Purpose: To optimize neuroblastoma treatment stratification, we aimed at developing a novel risk estimation system by integrating gene expression-based classification and established prognostic markers.
Experimental design: Gene expression profiles were generated from 709 neuroblastoma specimens using customized 4 × 44 K microarrays. Classification models were built using 75 tumors with contrasting courses of disease. Validation was performed in an independent test set (n = 634) by Kaplan-Meier estimates and Cox regression analyses.

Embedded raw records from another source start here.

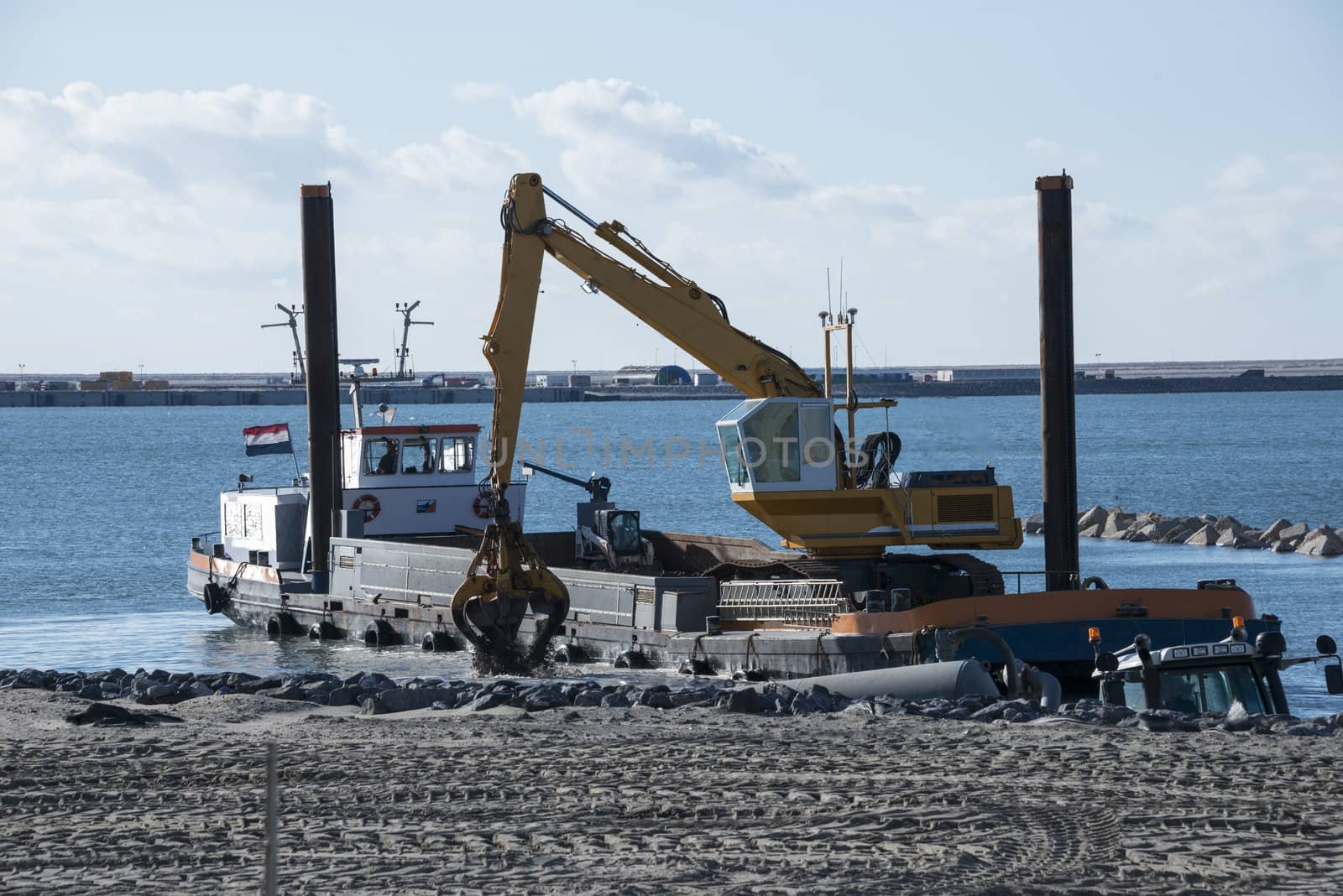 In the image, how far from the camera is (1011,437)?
11956 cm

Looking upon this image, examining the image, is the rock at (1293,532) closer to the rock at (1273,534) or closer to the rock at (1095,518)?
the rock at (1273,534)

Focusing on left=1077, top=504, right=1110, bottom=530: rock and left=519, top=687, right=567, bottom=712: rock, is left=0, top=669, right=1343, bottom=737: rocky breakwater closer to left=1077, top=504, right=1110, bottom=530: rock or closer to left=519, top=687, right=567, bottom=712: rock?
left=519, top=687, right=567, bottom=712: rock

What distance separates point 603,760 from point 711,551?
14.0 meters

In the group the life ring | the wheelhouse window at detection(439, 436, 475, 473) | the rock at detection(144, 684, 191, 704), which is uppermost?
the wheelhouse window at detection(439, 436, 475, 473)

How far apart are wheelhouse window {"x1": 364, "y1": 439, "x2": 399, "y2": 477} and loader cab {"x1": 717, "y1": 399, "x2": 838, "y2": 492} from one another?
32.5 ft

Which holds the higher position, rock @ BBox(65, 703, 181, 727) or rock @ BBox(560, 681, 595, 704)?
rock @ BBox(65, 703, 181, 727)

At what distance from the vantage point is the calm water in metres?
26.6

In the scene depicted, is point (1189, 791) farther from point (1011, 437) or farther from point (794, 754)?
point (1011, 437)

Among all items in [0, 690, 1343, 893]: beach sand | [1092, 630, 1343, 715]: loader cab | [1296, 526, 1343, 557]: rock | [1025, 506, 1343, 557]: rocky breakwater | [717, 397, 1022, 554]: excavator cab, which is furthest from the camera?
[1025, 506, 1343, 557]: rocky breakwater

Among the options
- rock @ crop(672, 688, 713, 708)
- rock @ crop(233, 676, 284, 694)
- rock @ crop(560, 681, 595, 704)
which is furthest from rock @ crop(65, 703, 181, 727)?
rock @ crop(672, 688, 713, 708)

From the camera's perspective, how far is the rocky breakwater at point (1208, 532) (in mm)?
40881

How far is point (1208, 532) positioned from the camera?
4422 cm

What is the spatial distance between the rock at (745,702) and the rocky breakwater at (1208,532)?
25954mm

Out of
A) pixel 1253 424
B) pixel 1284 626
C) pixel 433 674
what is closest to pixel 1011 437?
pixel 1253 424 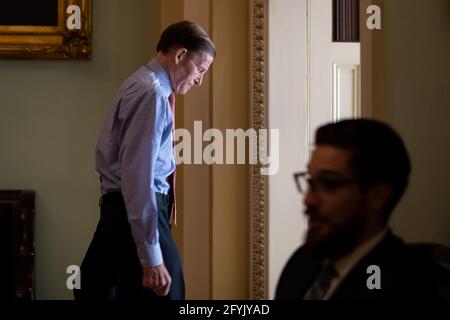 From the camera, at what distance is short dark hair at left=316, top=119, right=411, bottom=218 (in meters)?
0.78

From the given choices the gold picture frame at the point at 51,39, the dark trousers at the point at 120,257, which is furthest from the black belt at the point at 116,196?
the gold picture frame at the point at 51,39

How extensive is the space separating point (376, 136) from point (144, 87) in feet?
2.90

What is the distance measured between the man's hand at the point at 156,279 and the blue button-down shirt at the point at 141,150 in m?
0.02

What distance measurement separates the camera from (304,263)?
36.6 inches

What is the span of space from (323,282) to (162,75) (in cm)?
93

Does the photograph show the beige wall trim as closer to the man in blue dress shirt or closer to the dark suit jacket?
the man in blue dress shirt

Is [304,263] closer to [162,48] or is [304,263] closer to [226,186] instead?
[162,48]

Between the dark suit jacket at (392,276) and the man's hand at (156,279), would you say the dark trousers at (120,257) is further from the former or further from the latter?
the dark suit jacket at (392,276)

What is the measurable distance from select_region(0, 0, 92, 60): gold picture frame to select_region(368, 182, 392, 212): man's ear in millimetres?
1989

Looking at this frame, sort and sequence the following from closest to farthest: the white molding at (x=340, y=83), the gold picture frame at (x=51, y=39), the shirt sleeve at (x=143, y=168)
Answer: the shirt sleeve at (x=143, y=168) → the white molding at (x=340, y=83) → the gold picture frame at (x=51, y=39)

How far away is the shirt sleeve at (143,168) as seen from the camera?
1538 millimetres

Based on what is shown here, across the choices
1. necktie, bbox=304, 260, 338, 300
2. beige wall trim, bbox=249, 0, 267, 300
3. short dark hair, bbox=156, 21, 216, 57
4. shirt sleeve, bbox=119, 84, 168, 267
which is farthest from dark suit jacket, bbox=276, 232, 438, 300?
beige wall trim, bbox=249, 0, 267, 300

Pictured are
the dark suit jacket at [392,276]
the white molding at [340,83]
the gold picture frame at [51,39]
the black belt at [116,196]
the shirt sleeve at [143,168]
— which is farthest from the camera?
the gold picture frame at [51,39] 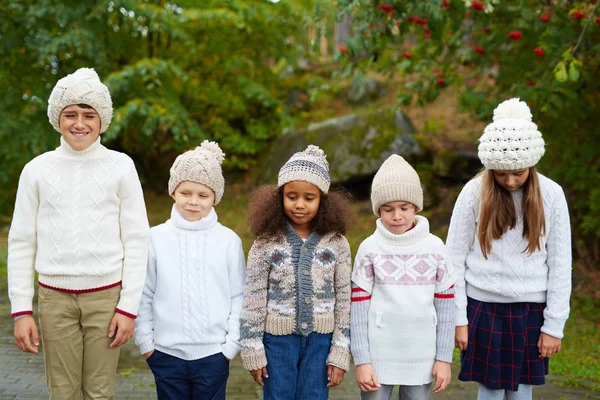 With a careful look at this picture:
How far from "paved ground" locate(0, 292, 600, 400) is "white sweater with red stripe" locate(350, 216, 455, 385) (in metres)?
1.45

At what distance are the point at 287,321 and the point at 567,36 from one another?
3943 millimetres

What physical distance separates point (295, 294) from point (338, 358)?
13.2 inches

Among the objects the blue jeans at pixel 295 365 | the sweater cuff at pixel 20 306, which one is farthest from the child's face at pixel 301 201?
the sweater cuff at pixel 20 306

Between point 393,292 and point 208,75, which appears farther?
point 208,75

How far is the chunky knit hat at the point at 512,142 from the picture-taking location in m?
3.04

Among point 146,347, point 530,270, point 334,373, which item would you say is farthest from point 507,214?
point 146,347

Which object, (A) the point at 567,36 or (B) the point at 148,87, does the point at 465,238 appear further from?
(B) the point at 148,87

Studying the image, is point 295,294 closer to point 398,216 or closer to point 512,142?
point 398,216

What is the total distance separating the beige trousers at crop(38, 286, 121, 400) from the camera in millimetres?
2875

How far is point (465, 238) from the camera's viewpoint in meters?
3.26

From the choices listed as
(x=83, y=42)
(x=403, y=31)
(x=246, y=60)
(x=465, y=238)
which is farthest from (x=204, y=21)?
(x=465, y=238)

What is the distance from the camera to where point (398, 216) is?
→ 119 inches

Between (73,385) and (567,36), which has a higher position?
(567,36)

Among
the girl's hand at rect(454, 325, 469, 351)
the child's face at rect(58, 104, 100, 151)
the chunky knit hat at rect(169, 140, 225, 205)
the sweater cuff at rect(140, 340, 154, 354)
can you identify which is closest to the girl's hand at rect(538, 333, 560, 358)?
the girl's hand at rect(454, 325, 469, 351)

Results: The best-performing classifier predicted patient outcome with an accuracy of 0.95 (sensitivity, 0.93; specificity, 0.97) in the validation cohort. The highest potential clinical value of this predictor was observed for current low-risk patients [5-year event-free survival (EFS), 0.84 ± 0.02 vs. 0.29 ± 0.10; 5-year overall survival (OS), 0.99 ± 0.01 vs. 0.76 ± 0.11; both P < 0.001] and intermediate-risk patients (5-year EFS, 0.88 ± 0.06 vs. 0.41 ± 0.10; 5-year OS, 1.0 vs. 0.70 ± 0.09; both P < 0.001). In multivariate Cox regression models for low-risk/intermediate-risk patients, the classifier outperformed risk assessment of the current German trial NB2004 [EFS: hazard ratio (HR), 5.07; 95% confidence interval (CI), 3.20-8.02; OS: HR, 25.54; 95% CI, 8.40-77.66; both P < 0.001]. On the basis of these findings, we propose to integrate the classifier into a revised risk stratification system for low-risk/intermediate-risk patients. According to this system, we identified novel subgroups with poor outcome (5-year EFS, 0.19 ± 0.08; 5-year OS, 0.59 ± 0.1), for whom we propose intensified treatment, and with beneficial outcome (5-year EFS, 0.87 ± 0.05; 5-year OS, 1.0), who may benefit from treatment de-escalation.
Conclusions: Combination of gene expression-based classification and established prognostic markers improves risk estimation of patients with low-risk/intermediate-risk neuroblastoma. We propose to implement our revised treatment stratification system in a prospective clinical trial.
©2014 American Association for Cancer Research.